In particular, Desert Sage invites personal experiences regarding employment in Luna County. We would like to hear personal experiences, on or off the record, from employers to employees, from policymakers dealing with our economy and its consequences, from people looking for work or who have given up looking for work.

 

Desert Sage has heard second-hand about employers' frustrations, and welcomes their insights as well. If this column contributes to an improved conversation across social classes about the greater welfare of local business and workers in Luna County, the space will have been well used.

 

Another way to participate in the conversation is to send letters to the Headlight for publication, which is just what Philip Skinner, the mayor of Columbus did last week. (For our internet readers: this is Columbus, New Mexico, a village south of Deming bordering Mexico - not the city in Ohio.)

 

Mayor Skinner was unhappy with this column for criticizing the rhetoric of politicians who cover their failure to increase opportunity for the working class by scapegoating the poor. I criticized Congressman Steve Pearce for doing so at a recent event in Columbus and suggested that elected officials focus on improving training and jobs first rather than demonize the poor for being lazy or dishonest, something we hear all too often from elected officials of both parties. The unemployed and underemployed are constituents deserving the respect and concern of elected officials.

 

At the town hall meeting in question, Representative Pearce said, "There is a culture in the town that simply says we are not going to take the available opportunities." Skinner claims I took these words out of context, but provides no new context in which those words mean something other than what they mean.

 

Skinner also accuses me of dishonestly painting "a false class-warfare narrative" to divert from the issue of creating jobs.
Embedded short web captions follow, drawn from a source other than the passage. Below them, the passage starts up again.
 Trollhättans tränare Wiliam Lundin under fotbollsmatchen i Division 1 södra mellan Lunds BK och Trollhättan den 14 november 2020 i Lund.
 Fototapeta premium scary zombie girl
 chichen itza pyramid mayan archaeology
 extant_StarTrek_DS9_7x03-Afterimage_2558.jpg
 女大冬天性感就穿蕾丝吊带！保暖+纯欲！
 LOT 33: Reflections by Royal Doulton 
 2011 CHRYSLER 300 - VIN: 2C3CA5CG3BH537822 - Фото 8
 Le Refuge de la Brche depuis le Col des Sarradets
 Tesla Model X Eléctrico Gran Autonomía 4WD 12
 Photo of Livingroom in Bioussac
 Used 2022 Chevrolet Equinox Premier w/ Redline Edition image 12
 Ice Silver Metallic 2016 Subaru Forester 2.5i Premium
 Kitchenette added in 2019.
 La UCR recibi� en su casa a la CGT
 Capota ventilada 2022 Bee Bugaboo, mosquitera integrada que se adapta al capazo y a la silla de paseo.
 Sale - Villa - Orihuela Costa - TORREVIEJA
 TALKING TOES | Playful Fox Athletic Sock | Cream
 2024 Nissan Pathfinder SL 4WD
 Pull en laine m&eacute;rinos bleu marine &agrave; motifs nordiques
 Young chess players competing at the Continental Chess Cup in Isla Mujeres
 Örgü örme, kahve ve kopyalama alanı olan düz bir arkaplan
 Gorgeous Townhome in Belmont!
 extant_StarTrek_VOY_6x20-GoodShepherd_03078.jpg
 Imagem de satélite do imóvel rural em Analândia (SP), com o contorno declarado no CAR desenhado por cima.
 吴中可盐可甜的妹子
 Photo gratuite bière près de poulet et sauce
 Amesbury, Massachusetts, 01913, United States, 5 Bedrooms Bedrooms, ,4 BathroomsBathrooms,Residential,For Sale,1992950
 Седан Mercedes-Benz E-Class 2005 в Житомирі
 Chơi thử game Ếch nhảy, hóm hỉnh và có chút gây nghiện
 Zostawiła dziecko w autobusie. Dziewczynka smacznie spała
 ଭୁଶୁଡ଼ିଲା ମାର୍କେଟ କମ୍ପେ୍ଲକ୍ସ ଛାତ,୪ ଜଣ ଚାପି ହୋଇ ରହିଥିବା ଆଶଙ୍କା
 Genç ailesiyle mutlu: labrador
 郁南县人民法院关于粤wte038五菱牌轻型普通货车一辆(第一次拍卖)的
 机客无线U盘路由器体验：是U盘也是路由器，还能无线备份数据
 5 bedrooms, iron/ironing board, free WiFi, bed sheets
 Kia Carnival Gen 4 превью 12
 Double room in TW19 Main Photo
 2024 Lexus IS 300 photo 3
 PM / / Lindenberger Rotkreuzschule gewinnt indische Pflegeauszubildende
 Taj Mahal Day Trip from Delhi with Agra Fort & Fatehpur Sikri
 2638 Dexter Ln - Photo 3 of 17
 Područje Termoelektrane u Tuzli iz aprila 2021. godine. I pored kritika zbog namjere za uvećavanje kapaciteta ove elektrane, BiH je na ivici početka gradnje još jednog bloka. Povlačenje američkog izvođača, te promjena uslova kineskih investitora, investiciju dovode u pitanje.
Dismissing class analysis as a false narrative is as preposterous as denying the existence of numbers. If you grasp that employers and employees at any given time have different problems or interests, that people in poverty choose among different sets of options than those who are more secure, that some people are born into different advantages and opportunities than others, you are acknowledging that class conflict is part of human reality. It shows us much about how our world works.

 

Social class is not simply about income or lifestyle, but about the power you have over your own life and the life of others. It is about our economic positions in society, the range of choices available to us, and the power and autonomy we enjoy in the workplace. Economic power and political power are interrelated. 

 

Blaming unemployment on a bad "culture" is scapegoating. Show us some data. Fraud  can be dealt with. If we have widespread drug addiction, it's a public health emergency, not a moral problem. If local workers aren't prepared for the jobs that are available, we need education and training, not demeaning rhetoric.If local contractors can't win bids for local projects that employ local workers, let's address that. If our economy can't provide enough secure, well-paying jobs, let's address that.

 

Otherwise, the working class should use its electoral power to elect new representatives who regard them with honor and work for their benefit.